Y, sin embargo, cabe sospechar y sospecho yo también que nunca como ahora tuvo tanto sentido la titulitis de nuestros políticos. Precisamente porque nunca tuvieron menos importancia los títulos.

Precisamente porque nadie espera ya que un licenciado, graduado, que un máster o un doctor sea alguien que realmente sabe algo de lo que ha estudiado o ha contribuido de forma relevante a su campo.

Nadie espera de un universitario que se haya dedicado a la vida universitaria, a la abnegada búsqueda del conocimiento.

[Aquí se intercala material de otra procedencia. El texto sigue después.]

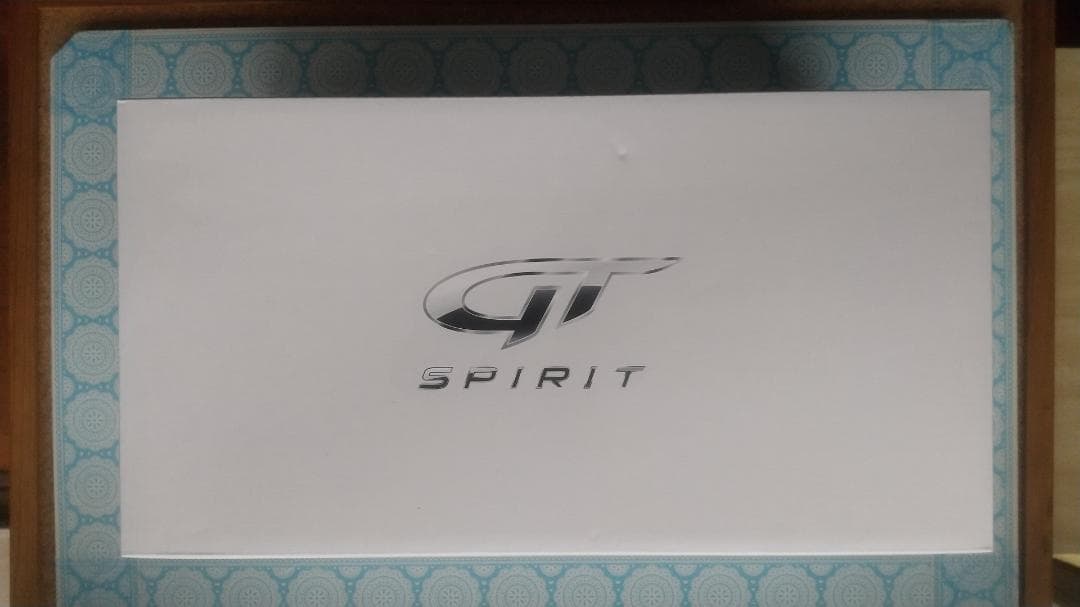 ミニカー 1/18 GT SPIRIT Porsche 911 Turbo ZM013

La Universidad y sus títulos ya no van de eso. Y cuanto menos van de eso, cuanto menos miden los títulos el esfuerzo intelectual, el conocimiento, y no digamos ya, la pasión por el conocimiento, que es lo que justifica la mera existencia de la Universidad, más útiles son para el político.

Porque su tarea es toda otra y no tiene nada o casi nada que ver con la búsqueda de la verdad. En el mejor de los casos, se limita a la búsqueda del consenso o de una cierta forma de convivencia más o menos pacífica. Y para ello, normalmente la verdad es más un estorbo que una ayuda.

Por suerte para el político, el título universitario ya no mide el conocimiento ni la pasión por alcanzarlo, sino que mide cosas de gran utilidad para el mercado laboral, para el mundo de los adultos. Que es eso que Josep Pla consideraba una «cosa tan complicada y difícil, imposible de describir, que consiste en ir haciendo».

En eso consiste hoy la Universidad y en eso consiste hoy la vida política, en ir haciendo.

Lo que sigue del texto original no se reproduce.